Getting people on calls to discuss your project—the thing you've spent months or years working on—and asking for their honest opinion. Yikes!

Yet user research is one of the fundamental backbones of improvement.

Projects built in silos rarely work in the real world. People don't act the way we expect them to.

With your Knowledge Base it's no different.

You might think you've covered every topic, designed the most navigatable layout, and created the best support flow. But it's not until you watch someone using it that you truly understand whether it's a good experience.

In this post we're diving deep into help documentation user research and how it can transform your help content.

We'll be spilling all the juicy details on the perks of user research for your Knowledge Base, different methods, and how to use those insights to improve your documentation.

But before we get into the good stuff, let's take a quick peek at why you should consider user research as a fundamental part of improving your user experience.

The Common Pitfalls of Ignoring Help Documentation User Research

So you're thinking about neglecting user research, huh? Well, let me warn you, it's like diving into a pool blindfolded—you're bound to make a big ol' splash, not in a good way.

Here are some calamities that could befall you: 

🏔️ Assumption Avalanche

Without help documentation user research, you're playing a never-ending game of guessing. Assuming users act a certain way is a major and common pitfall.

One example is assuming how people will use your search function. Many companies think users will type in long questions like how to create a new user when, in fact, many people are far too lazy (myself included 🙋) and will type in create new user.

This assumption will waste your team's time by targeting long-tail keywords for search rather than focussing on how your customers will type.

😪 Frustration Fiesta

Picture this—users come to your documentation with hope in their hearts, only to be greeted by a maze of confusion. What do they do?

They'll get in touch.

And it won't just be the once. After a few tries with your documentation, they'll go directly to your support team with questions—never again stepping foot inside your catalog of help.

This can commonly happen with fullscreen or confusingly worded cookie popups. If they have trouble getting past the cookie banner, they won't try again. Avoid the chaos.

🧙 Missed Magic Moments

Ah, the sweet sound of opportunity knocking. But wait, you can't answer because you didn't do your research? Whelp.

By neglecting user wants and needs, you might be missing out on golden chances to make your documentation shine brighter than a disco ball. Don't be the person who closes the door on opportunity—be the one who invites it in for tea and crumpets!

What's an example of a magic moment with your help documentation? It could be something as simple as the customer finding the answer they need or something as complicated as a magical custom HTML component that guides them to find the solution.

The Magic of User Research

User research is like having a trusty compass that leads you on a wild adventure to create exceptional help documentation for your audience. It's all about getting to know your users inside and out—their needs, preferences, and even their pain points.

This process is super-duper necessary for a bunch of reasons: 

🔭 Audience-Centric Awesomeness

With user research, you won't have to play the guessing game when creating a user-centric Knowledge Base. Instead, you'll have solid data to guide and tailor your content to your audience's needs.

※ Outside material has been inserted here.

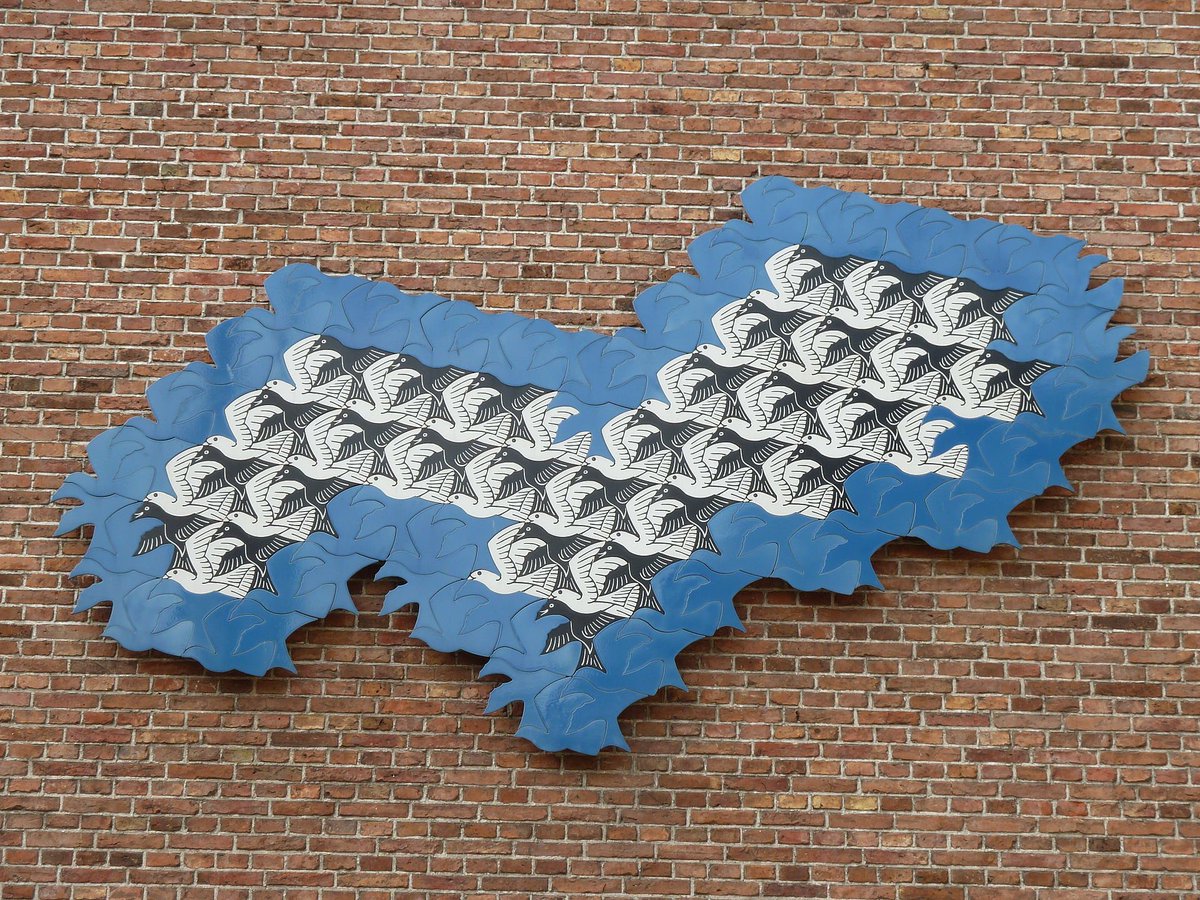 "What I give form to in daylight is only one per cent of what I have seen in darkness." ~ M. C. EscherWall tableau of one of Escher's bird tessellations at the Princessehof Ceramics Museum in Leeuwarden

Let's say you run an e-commerce shop and notice potential customers clicking inside a specific category 90% of the time.

Bringing the articles inside this category to the top (i.e., your help documentation home page) saves them clicks and makes the process seamless.

🌱 User Adoption Magic

Creating content that speaks directly to users' needs makes them more likely to embrace it with open arms. They'll also become your biggest fans and recommend your product to their pals.

If similar topics are grouped, and your search function brings sensible suggestions to the top most of the time, they'll know they can rely on your documentation and save time not getting in touch and writing out an email.

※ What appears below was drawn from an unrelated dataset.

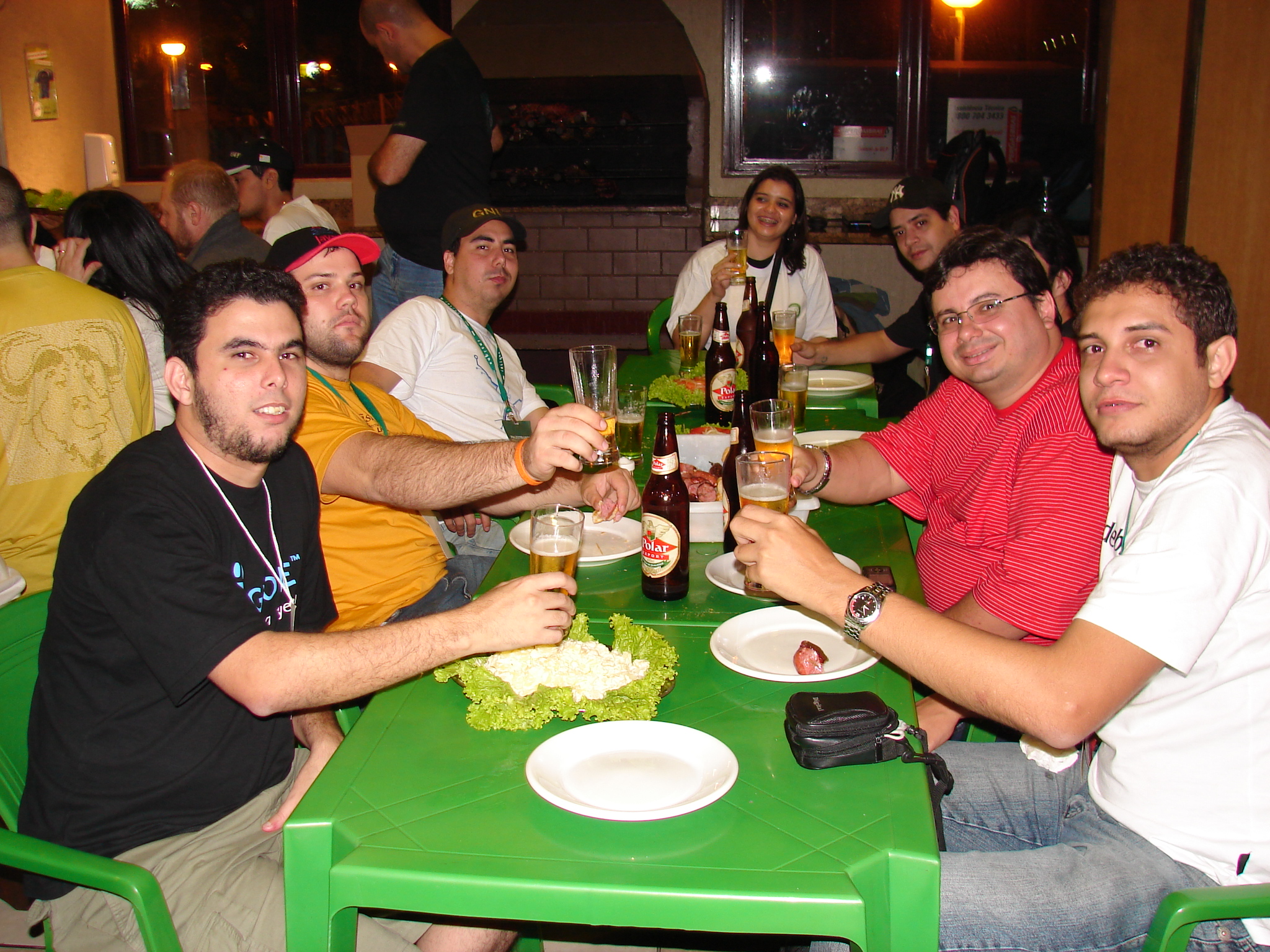 several men sitting at a table with beers and food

How to Start Conducting User Research for Your Knowledge Base

Not sure how to head into conducting user research? Yep, it can be tricky to get started. Here are some tips:

⭐️ Find Your North Star

Before you start, you first need to know what you want to discover. Randomly asking questions and hoping you find something juicy doesn't get you far.

It would help if you had a North Star Question (NSQ).

Your NSQ might be evident to you and your team. If it's not, ask yourself some questions:

  • Is there a Key Performance Indicator (KPI) we'd like to improve?
  • Did we release any new features/products that we haven't tracked the success of?
  • Is there a high percentage of contact forms coming from the Knowledge Base?

Then, you can turn this into an NSQ. This should be specific because if it's not, then the point of the user research could get murky. For example:

Are customers finding the documentation about our Permissioning feature helpful?

Now that you've created your guiding NSQ, you can start to determine how exactly you will figure out the answer.

🛠️ Use Tools and Processes to Conduct Your User Research

When considering user research, you might be picturing a scene where you’re sitting behind a double mirror and watching people interact with your product/service.

While this still happens often, it requires time and money to set up. Luckily, there are a bunch of online tools we can use instead to get the answers we want without the significant expense.

Surveys and Questionnaires

These let you hear directly from your users.

Get the inside scoop on what they love, hate, and desperately need from your documentation. It's like having a heart-to-heart with your users—but without awkward hugs.

Adding a Feedier Carrier
Wanna get feedback from your visitors about your knowledge base? Feedier gives you a way to create an engaging, fun survey with tons of options baked in like offering rewards or connecting up mailing lists.

Make sure your questions are on point. Keep them clear, concise, and relevant to the cause. Ask about user pain points, standard inquiries, and areas they think can be improved.

Open-ended questions can unlock a treasure trove of insights so make sure to add at least one.

User Interviews

User interviews are like gold mines of information.

You can uncover hidden gems of knowledge by spending time with your users in one-on-one conversations. Prepare open-ended questions encouraging users to speak about their experiences with your documentation.

How to Conduct User Interviews in 2023: A Complete Guide
This guide explains what a user interview is and its importance, why you should conduct one, the steps involved, and how to interpret the results.

Leave long (awkwardly so) gaps for them to speak their mind. If there's anything you should spend the most time on—it's listening.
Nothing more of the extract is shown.